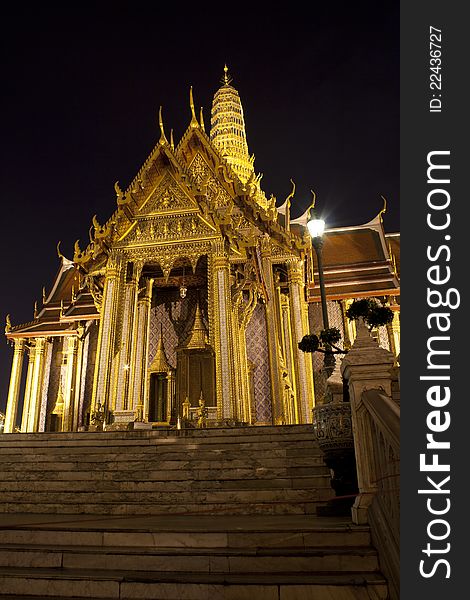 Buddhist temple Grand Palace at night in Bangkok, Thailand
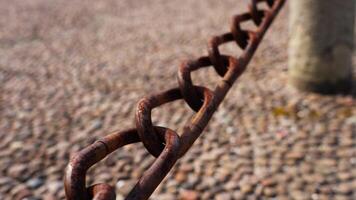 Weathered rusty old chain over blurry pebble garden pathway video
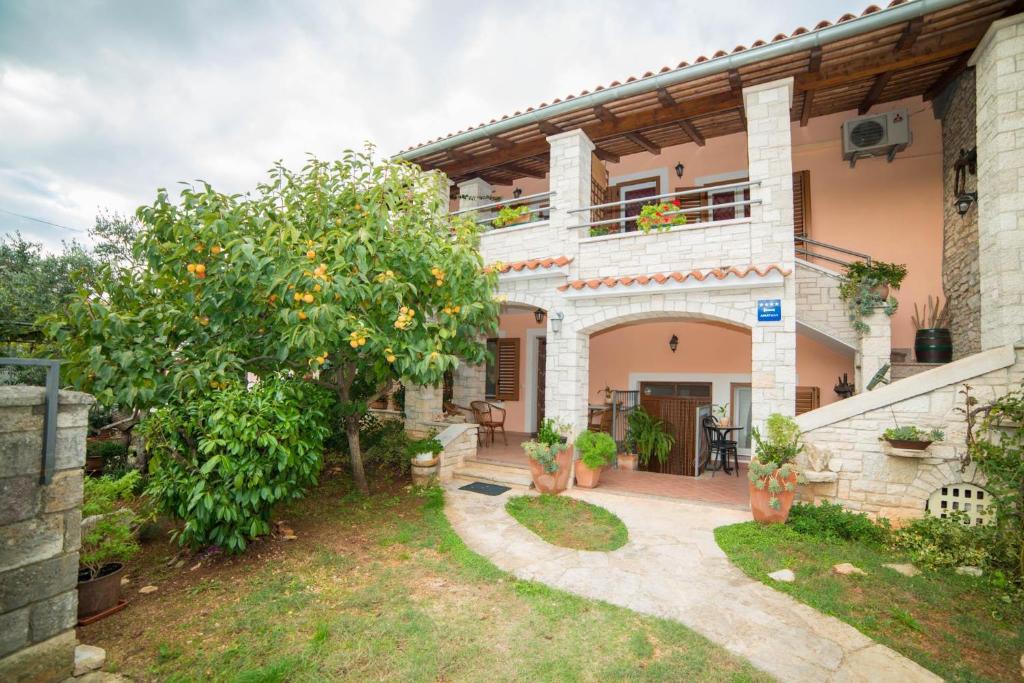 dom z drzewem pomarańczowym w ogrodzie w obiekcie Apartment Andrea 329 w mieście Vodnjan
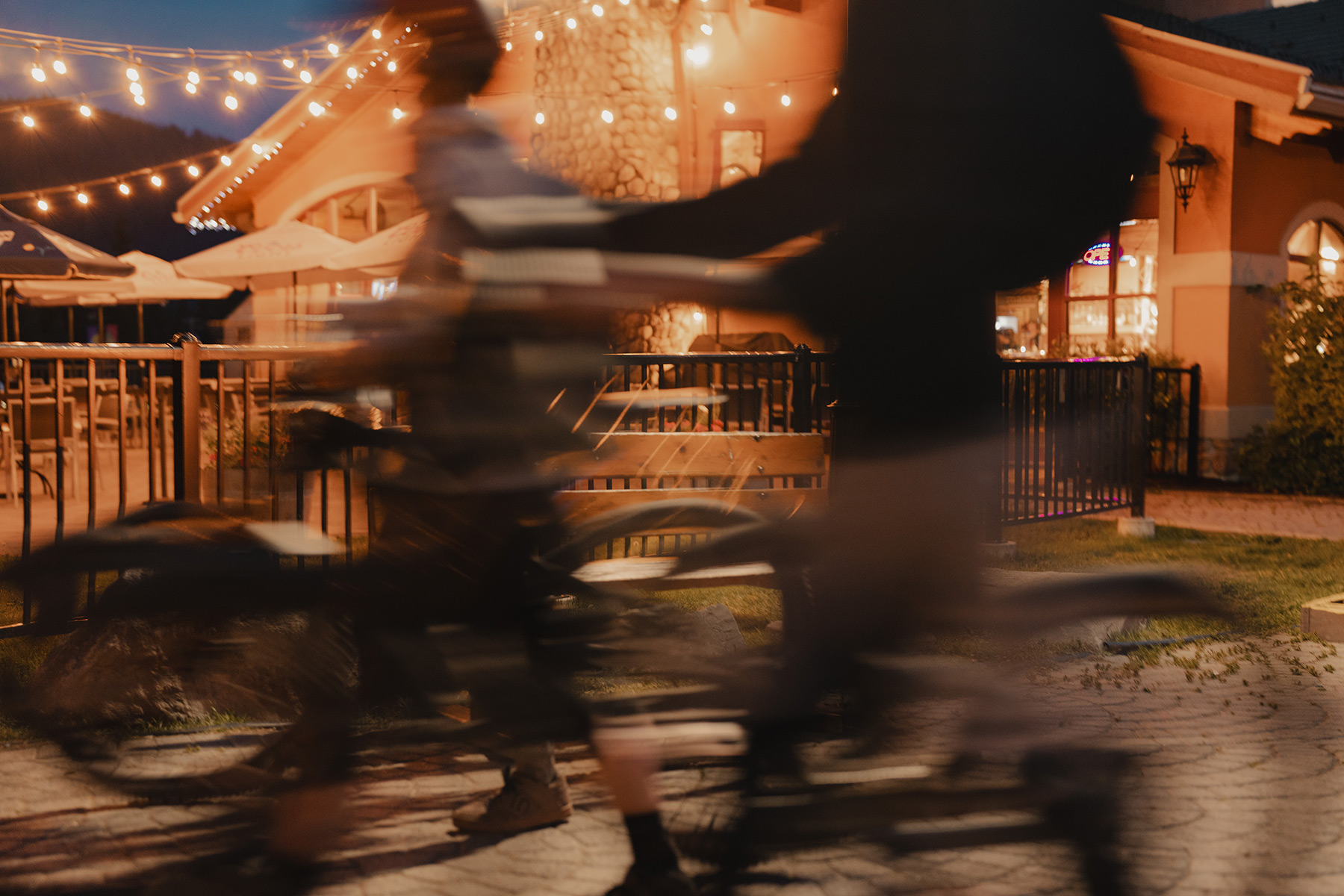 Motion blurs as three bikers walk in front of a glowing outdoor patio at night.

★ ★ ★

*WORK REQUEST*
Once the line containing "dom z drzewem" is found, write it out exactly along with every line after it through the end of the listing, excluding pictures.

*SOLUTION TO THE EXERCISE*
 dom z drzewem pomarańczowym w ogrodzie w obiekcie Apartment Andrea 329 w mieście Vodnjan
 Motion blurs as three bikers walk in front of a glowing outdoor patio at night.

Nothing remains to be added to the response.